Domestic Violence and Divorce
Although Colorado is a no fault state, domestic violence can be a critical factor in determining custody (i.e., allocation of parental responsibilities). In making a determination for the best interests of the child, the court is required to give “paramount consideration” to the safety of the child and the abused party when making determination regarding parenting time and decision-making if domestic abuse is proven. Unfortunately, false allegations of domestic violence are often claimed to gain advantage in a divorce case. You must defend against these allegations because they could have a substantial impact on the ability to interact with your children. Many times parties will also seek a restraining order in order to gain an advantage in custody disputes. The imposition of a restraining order can have a significant impact on a divorce case and must be vigorously defended. At Aviso Law we are skilled trial attorneys with extensive experience representing clients in domestic violence cases.
Civil Protection Order & Permanent Restraining Order
Protection and restraining orders are used to prevent domestic violence, child abuse, assault, stalking, and harassment and are often necessary; however, when a marriage or relationship ends, false allegations of domestic violence or abuse are sometimes made to gain an advantage in a divorce or child custody case. At Aviso Law we pride ourselves on providing aggressive prosecution and defense of restraining orders, and we have the experience, skill and client-focused approach needed to make decisions that benefit you and your family.

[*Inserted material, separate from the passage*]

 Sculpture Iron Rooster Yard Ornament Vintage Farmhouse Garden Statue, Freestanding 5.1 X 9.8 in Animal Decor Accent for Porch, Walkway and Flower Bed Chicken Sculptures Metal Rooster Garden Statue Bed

The process: A person seeking a protection/restraining order must first apply to the court for a temporary order, which will set a return date for an evidentiary hearing to determine if the order should be made permanent. The temporary restraining order is made on the basis of the accuser’s testimony in a one-sided or ex parte hearing before a judge. The accused party is not informed of the hearing and does not have the right to be heard. They will have that opportunity at the later evidentiary hearing, which will usually take place within one to three weeks. The evidentiary hearing is the critical hearing for the accused party and should not be taken lightly. The person seeking the restraining order must prove by a preponderance of the evidence the accused party has committed acts constituting grounds for issuance of a civil protection order and that, unless restrained, they will continue to commit such acts or acts designed to intimidate or retaliate against the protected person. The person seeking the protective order does not have to show imminent danger from the accused party.

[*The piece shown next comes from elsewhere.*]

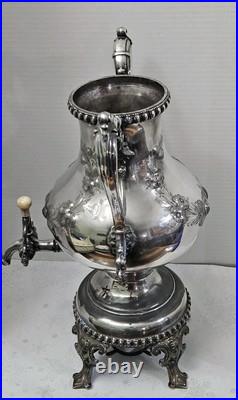 Stunning Antique Embossed Silver Plate Coffee Urn By Rogers Bros. Missing Lid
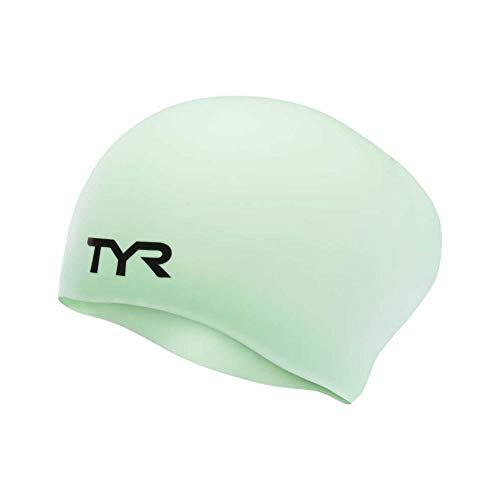 TYR Long Hair Wrinkle-Free Silicone Swim Cap, Mint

If the protection order becomes permanent, it can have serious and potentially career-ending consequences, and the advice and help of skilled, aggressive attorney at this point in the process is crucial to avoiding unwanted marks on your personal history and career.

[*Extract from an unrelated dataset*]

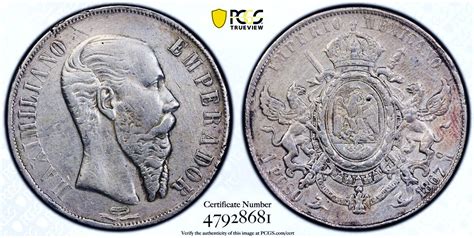 Mexico 1 Peso Maximilian Maximiliano I KM 388 1 VF Detail PCGS Silver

For the military member, the consequences of a permanent protection order can jeopardize their military career. The Lautenberg Amendment, in part, attempts to prevent those convicted of domestic violence from owning or possessing guns or ammunition. If a military member receives a permanent protection order, it could result in the military member not being allowed to carry a weapon and may subject them to administrative separation. At Aviso, we’ve spent years learning the ins and outs of the legal system and have the drive and knowledge to effectively represent military members in these and other difficult situations.